Where's the flippin like button when you need it?


----------



## jmack (Jun 3, 2004)

Upper Animas


----------



## hojo (Jun 26, 2008)

I like the short hikes to the hot springs.


----------



## [email protected] (Apr 26, 2006)

werner trail on black canyon, with a boat


----------



## eddy hopper (Sep 17, 2007)

Pigeon Peak - Upper Animas!


----------



## lmyers (Jun 10, 2008)

eddy hopper said:


> Pigeon Peak - Upper Animas!


If you climbed that from the river I give you much respect. That's stout.

I guess good hiking from the rivers in this lovely state is limited. That's why I asked for suggestions, feeling like I've already exhausted some of the best options....

I love the hike from the playpark to Eddyline, even better when live music is going at the "Beach". Did a few twilight Fractions trips ending at the live music and beer garden...

So, let's open it up to other states too then. The best hike from a river I have done so far was up Chinle creek on the Upper San Juan. The hanging alcoves were by far some of the coolest terrain I have ever hiked to, regardless of the river access...










Thanks for the replies everyone. Always appreciated.


----------



## Rich (Sep 14, 2006)

Cataract Canyon up to the Doll House in Canyonland NP.

Piedra, Second Box, trail on river right from put in down thru the upper box canyons


----------



## Stiff N' Wett (Feb 18, 2010)

Smith Fork Gunnison Gorge
The Rim above Black Rocks Horsetheif Canyon


----------



## lmyers (Jun 10, 2008)

Rich said:


> Piedra, Second Box, trail on river right from put in down thru the upper box canyons


I was thinking about this earlier. When I ran it this year the "upper" or second box looked like a great overnighter. Sand and Little Sand Creeks both look like interesting hikes.



Stiff N' Wett said:


> Smith Fork Gunnison Gorge


I have hiked this a little, but only maybe a 1/4 mile. Have you explored up farther? Could be interesting.


----------



## jeffsssmith (Mar 31, 2007)

lmyers said:


> I was thinking about this earlier. When I ran it this year the "upper" or second box looked like a great overnighter. Sand and Little Sand Creeks both look like interesting hikes.
> 
> I have hiked this a little, but only maybe a 1/4 mile. Have you explored up farther? Could be interesting.

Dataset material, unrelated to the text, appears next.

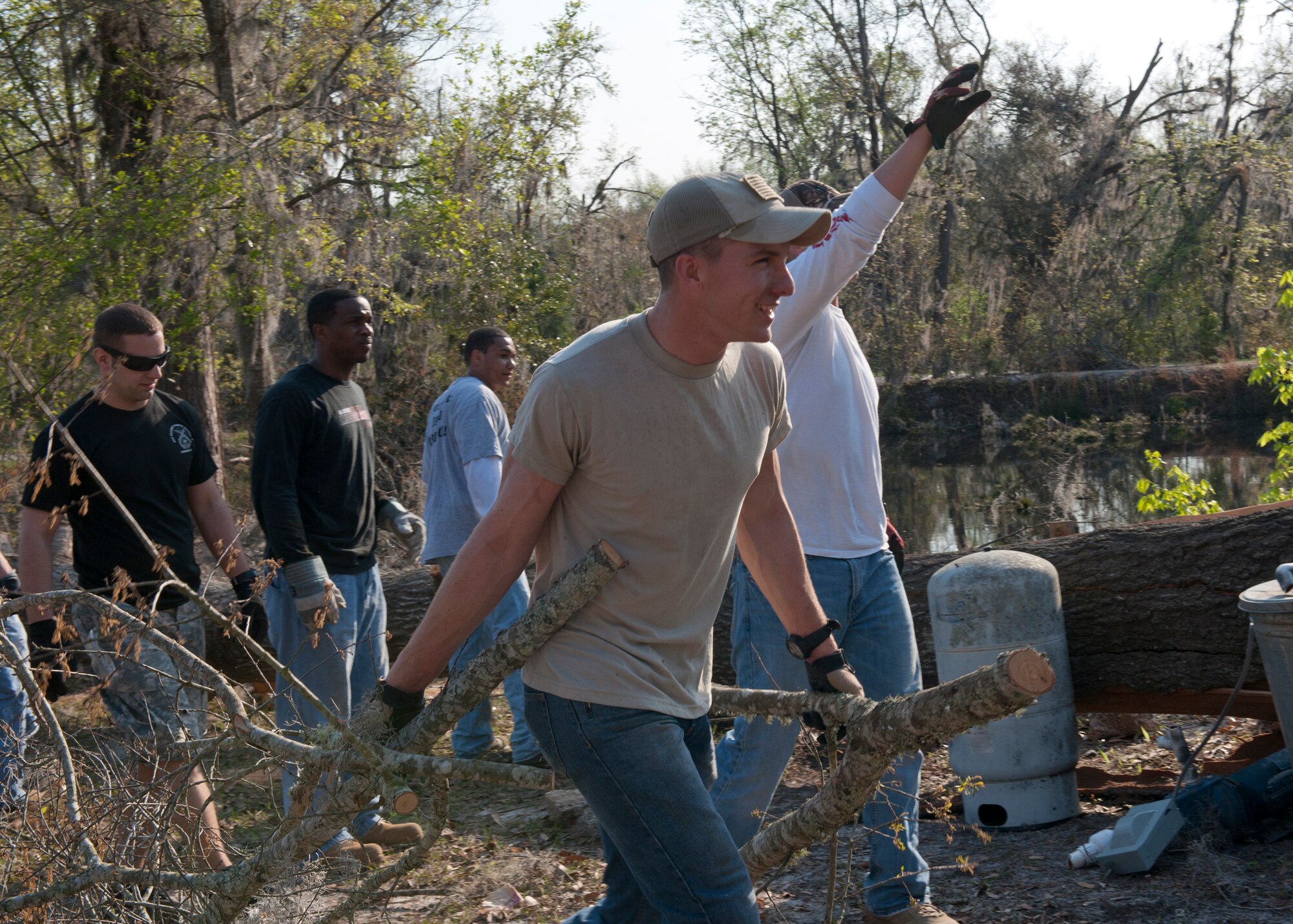 U.S. Air Force Airman 1st Class Fedor Potanin, 823d Base Defense Squadron, helps clean up debris at a house in Lakeland, Ga., March 17, 2012. The house was hit by a tornado that registered up to 140 mph two weeks prior. Volunteers from Moody Air Force Base, Ga. and the local community responded to the affected families and citizens by providing support with clean up efforts. (U.S. Air Force photo by Senior Airman Eileen Meier/Released)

Smith Fork hike flattens out and gets uninteresting after the first 1/4 mile. Hike out of T-**** camp up the side canyon is good as is the hike up the south side canyon immediately below the Squeeze Rapid.


----------



## Rojo (May 31, 2012)

*Cataract Dark Canyon*

After the thrill of the rapids in Cataract take a stroll up Dark Canyon for interesting pools and limestone slots.
Similar to some short hikes in the Grand Canyon without any really steep stuff.
Access is a pain, with the silt bank caused by high lake Powell level back in the early 90s. I remember seeing huge houseboats up the canyon were the bighon sheep now hang out. Watch for the trail to trend to the left around some of the narrow limestone section. The best pool is obvious, but there are others farther up the canyon.
The lack of camps around Dark canyon can make it dicey to plan a stop over. We typically camp above the rapids on day one then run the rapids and motor out to camp at the take-out on day two.


----------



## cadster (May 1, 2005)

The Dolores has the best wilderness exploring while floating a river in Colorado; particularly the stretch from Gypsum Valley to Bedrock.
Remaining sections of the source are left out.